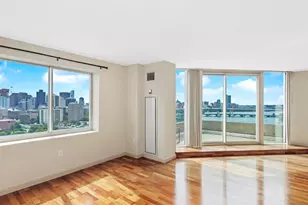 10 Museum Way, Cambridge, MA 02141 - Photo 6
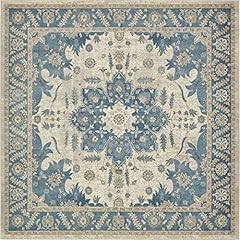 Unique loom salzburg for sale  Delivered anywhere in USA 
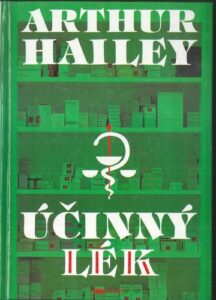 ÚČINNÝ LÉK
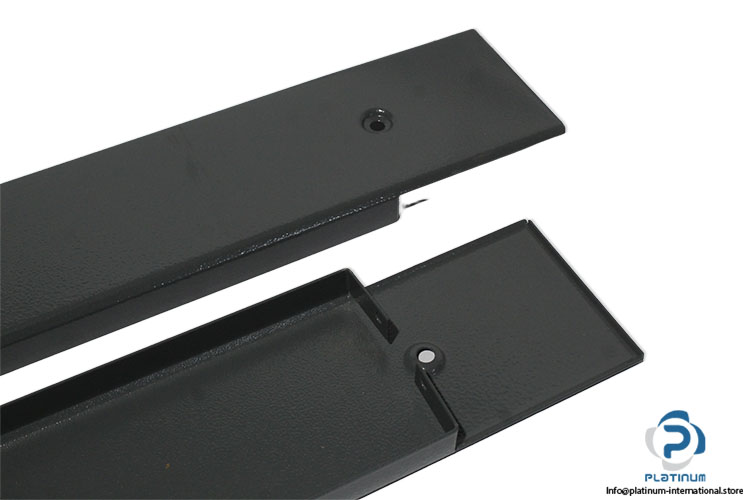 abb-ZN1000-base-plinth-flange-cabinet-(new)-(carton)-1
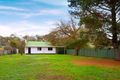 Property photo of 43 Elizabeth Street Campbells Creek VIC 3451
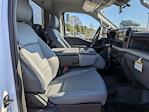 New 2026 Ford F-350 Regular Cab Flatbed Truck for sale #T268156 - photo 26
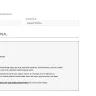 Activision - Black ops 6 warzone shadow ban - Photo 1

_Activity_. Nothing but the text is wanted: repeat the data above exactly, without its images.

_Output of the exercise_.
 10 Museum Way, Cambridge, MA 02141 - Photo 6
 Unique loom salzburg for sale  Delivered anywhere in USA 
 ÚČINNÝ LÉK
 abb-ZN1000-base-plinth-flange-cabinet-(new)-(carton)-1
 Property photo of 43 Elizabeth Street Campbells Creek VIC 3451
 New 2026 Ford F-350 Regular Cab Flatbed Truck for sale #T268156 - photo 26
 Activision - Black ops 6 warzone shadow ban - Photo 1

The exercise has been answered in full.